__Exercise description__
From the first line of the entries below through the line bearing "British Longhair cats", write out each line exactly. Omit pictures.

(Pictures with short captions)
[Start of Attachment]

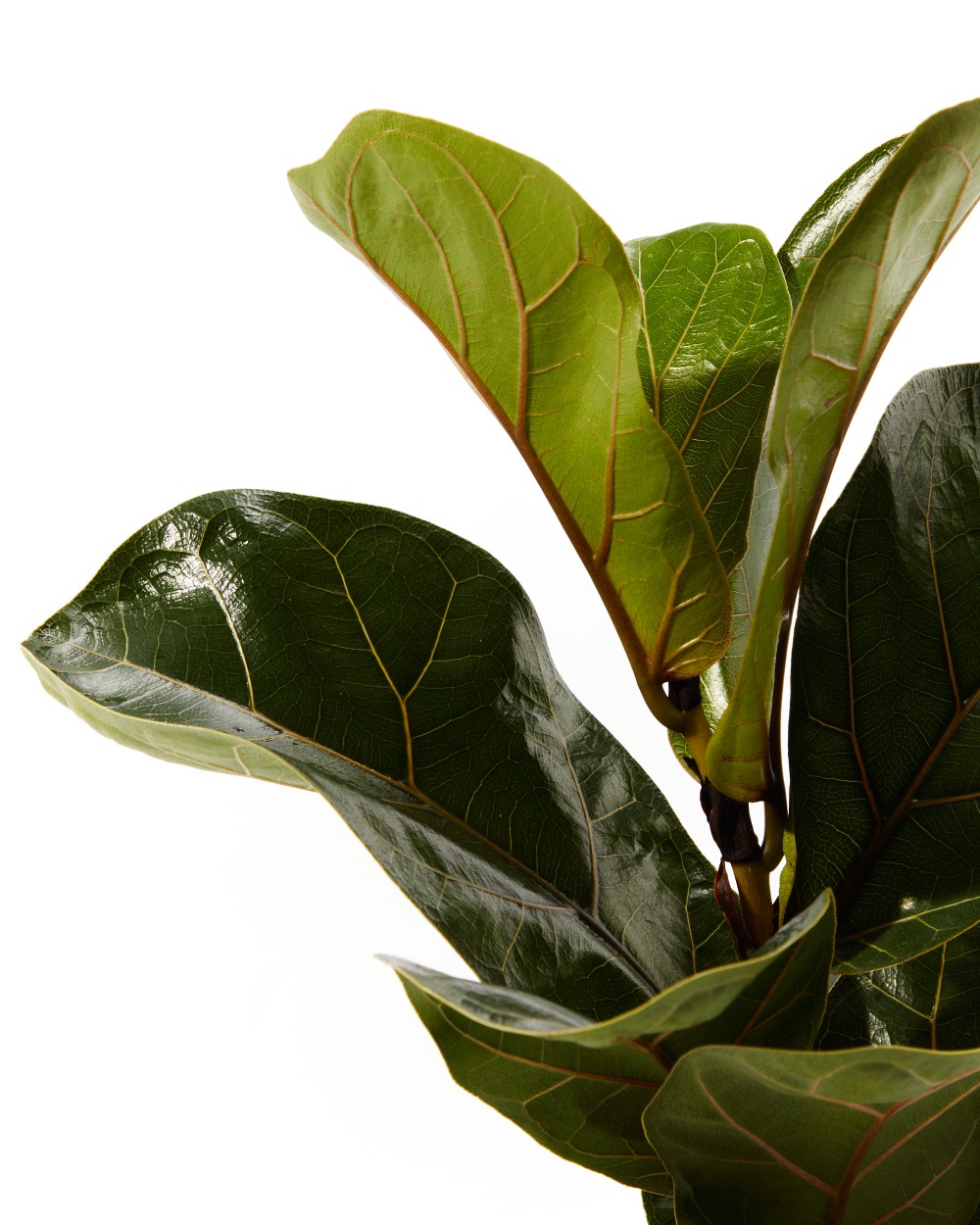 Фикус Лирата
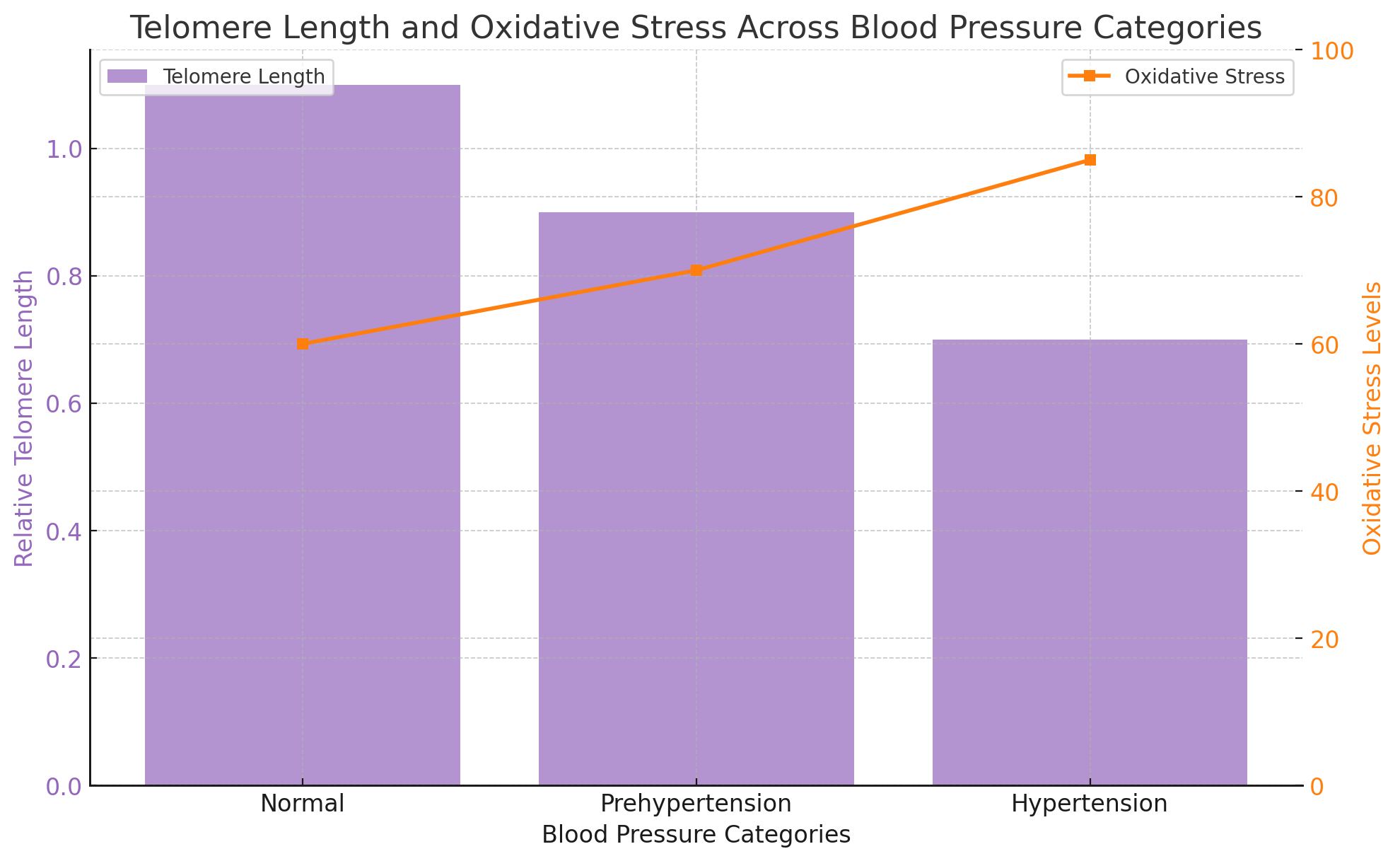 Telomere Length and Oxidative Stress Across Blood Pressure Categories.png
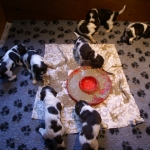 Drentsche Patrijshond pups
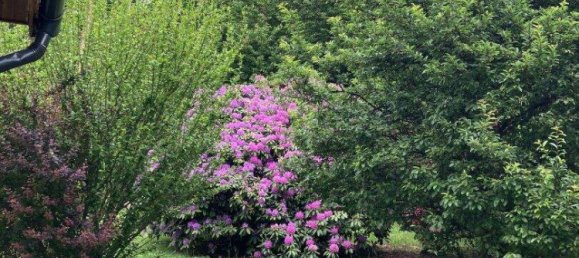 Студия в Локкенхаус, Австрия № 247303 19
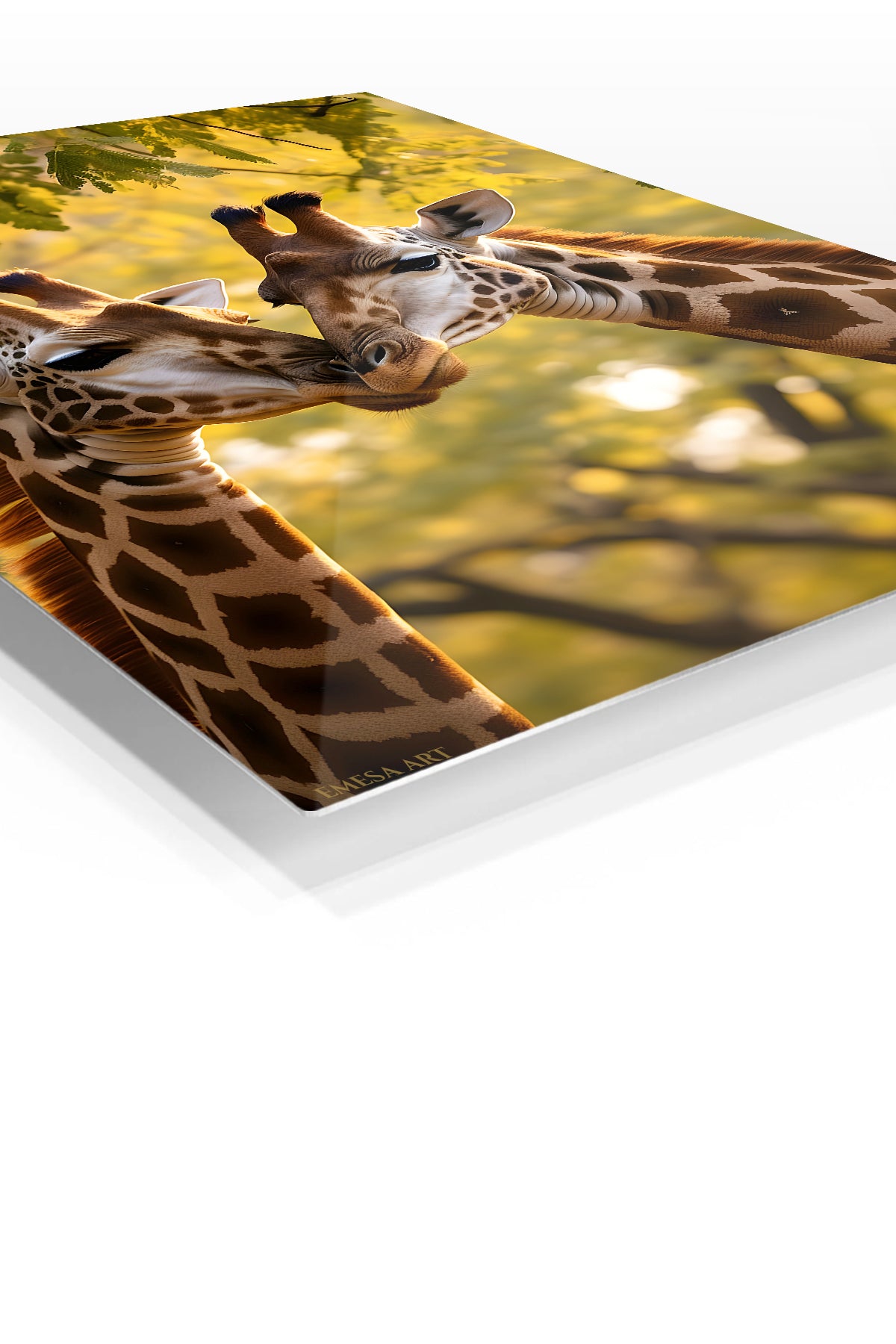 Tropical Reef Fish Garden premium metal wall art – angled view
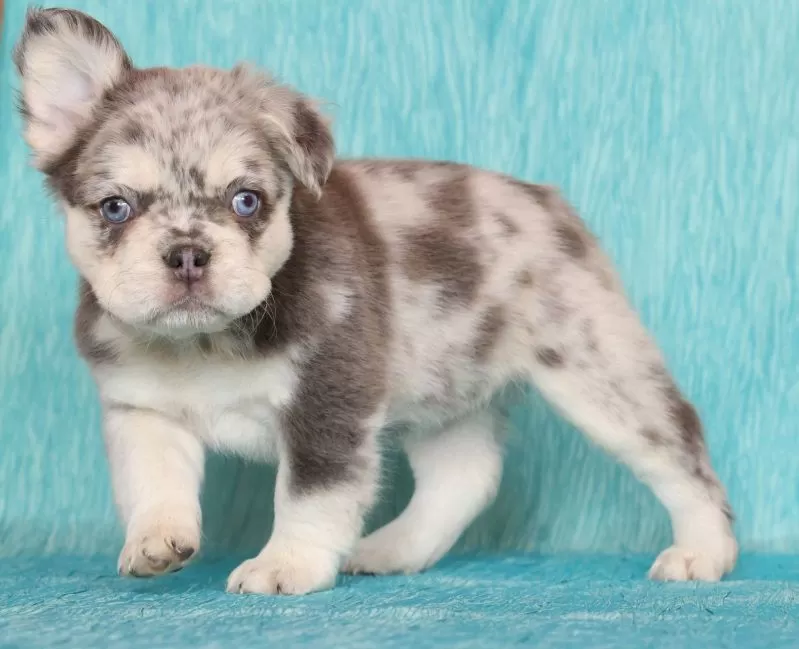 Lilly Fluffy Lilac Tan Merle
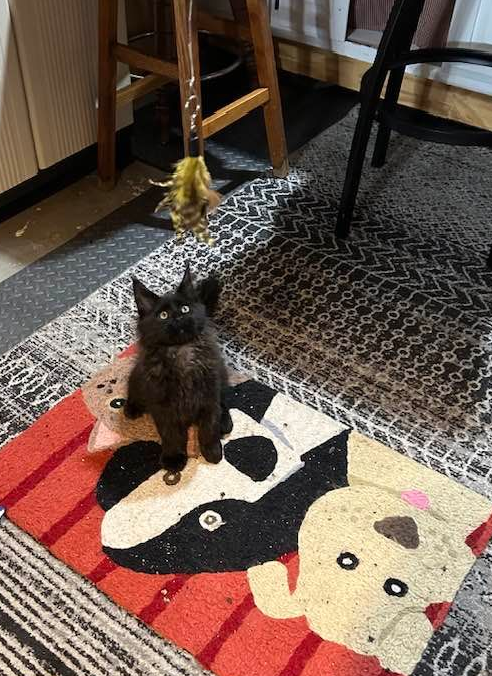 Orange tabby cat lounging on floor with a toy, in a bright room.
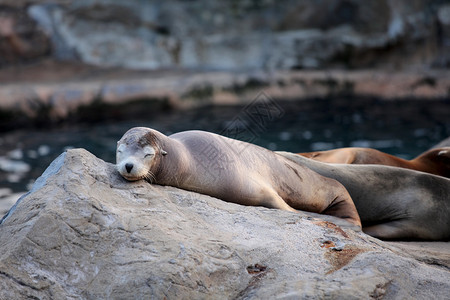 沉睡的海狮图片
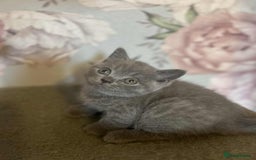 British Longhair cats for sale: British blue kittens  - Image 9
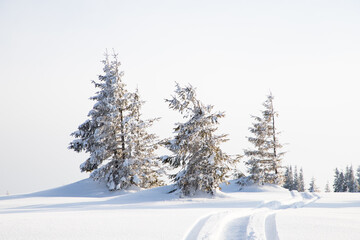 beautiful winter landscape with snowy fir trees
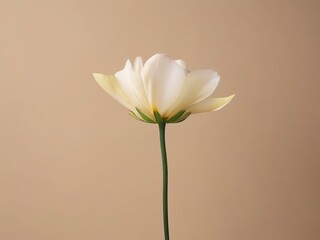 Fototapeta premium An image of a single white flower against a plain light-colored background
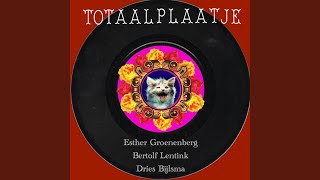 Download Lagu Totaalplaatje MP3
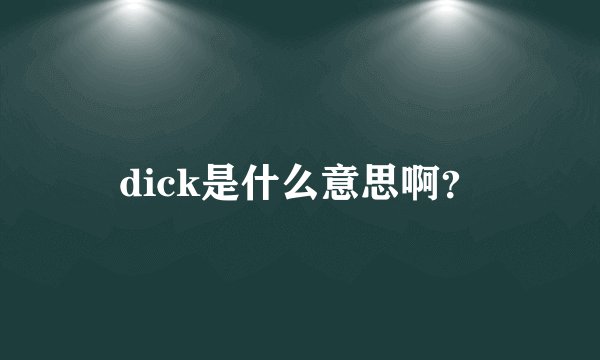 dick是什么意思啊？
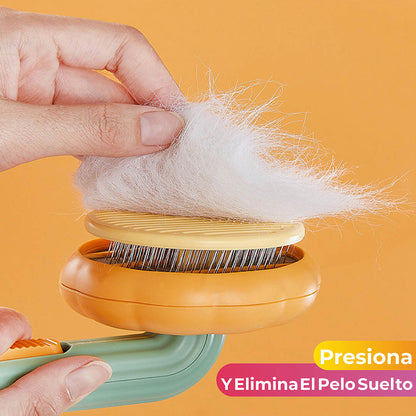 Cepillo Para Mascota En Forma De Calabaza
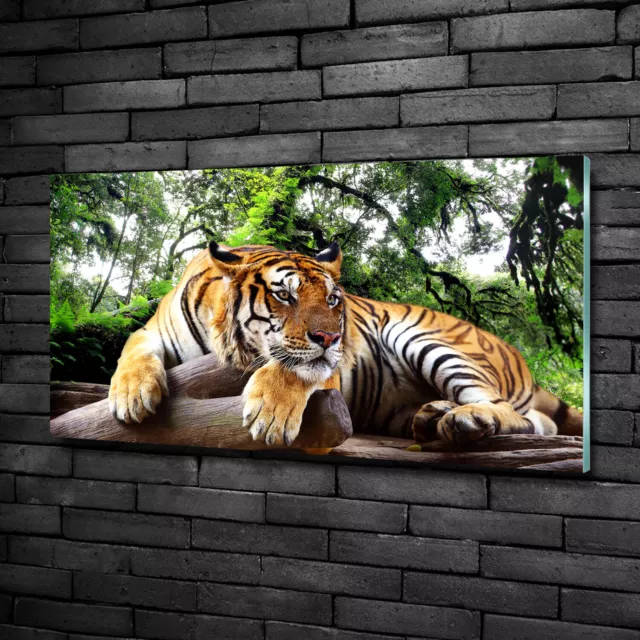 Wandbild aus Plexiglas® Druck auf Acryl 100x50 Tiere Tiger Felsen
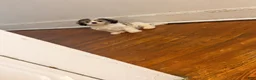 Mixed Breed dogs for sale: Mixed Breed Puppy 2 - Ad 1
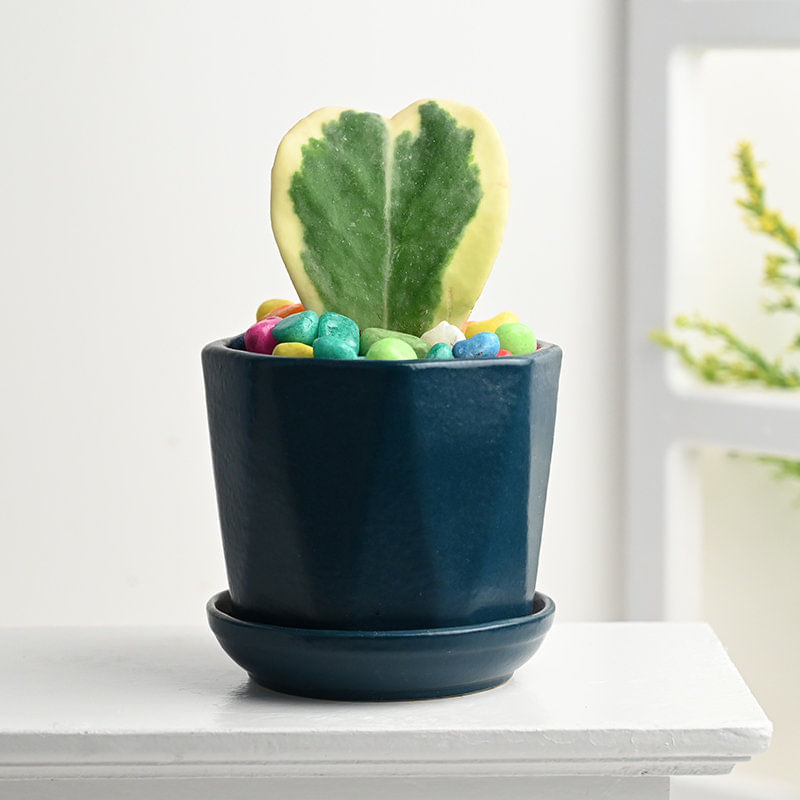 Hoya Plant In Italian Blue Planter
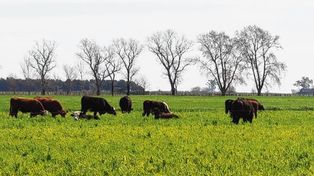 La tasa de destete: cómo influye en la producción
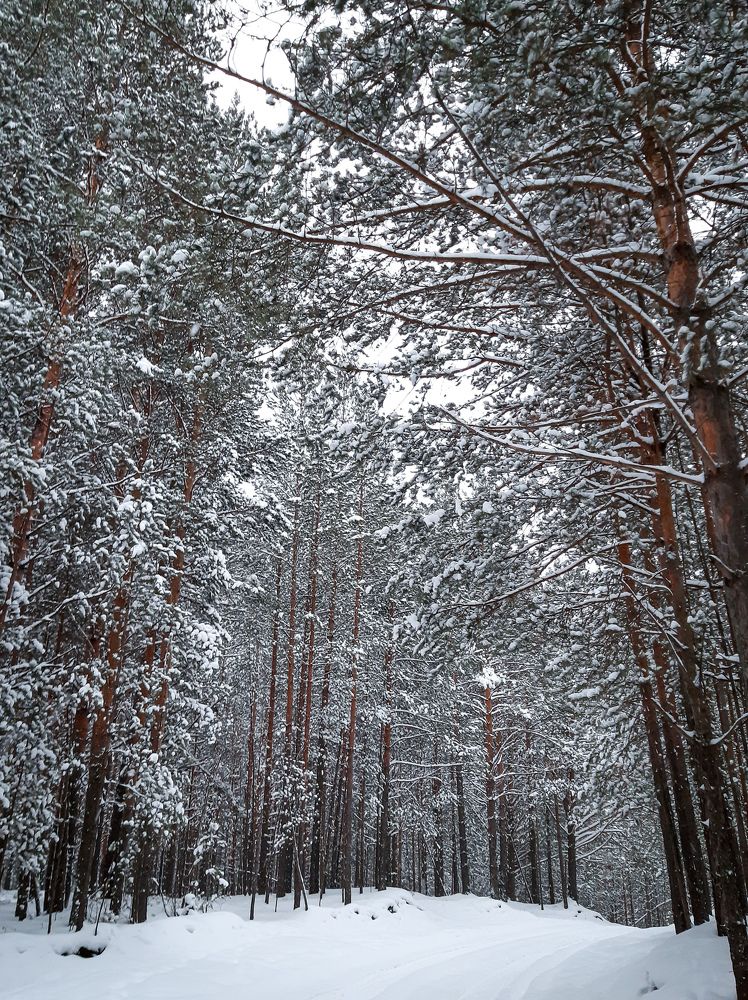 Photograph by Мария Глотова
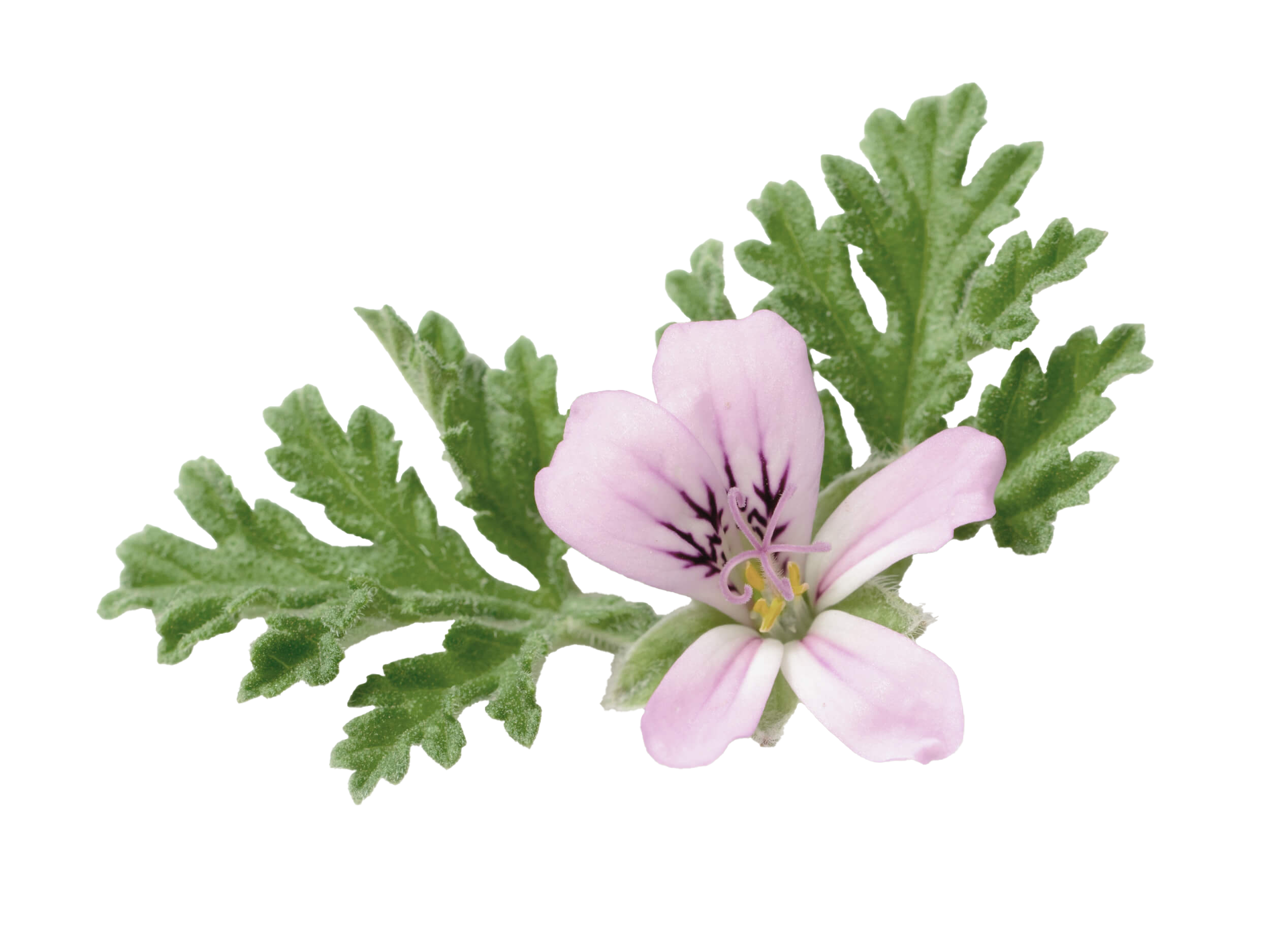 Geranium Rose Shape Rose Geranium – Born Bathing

[End of Attachment]

__Written solution__
 Фикус Лирата
 Telomere Length and Oxidative Stress Across Blood Pressure Categories.png
 Drentsche Patrijshond pups
 Студия в Локкенхаус, Австрия № 247303 19
 Tropical Reef Fish Garden premium metal wall art – angled view
 Lilly Fluffy Lilac Tan Merle
 Orange tabby cat lounging on floor with a toy, in a bright room.
 沉睡的海狮图片
 British Longhair cats for sale: British blue kittens  - Image 9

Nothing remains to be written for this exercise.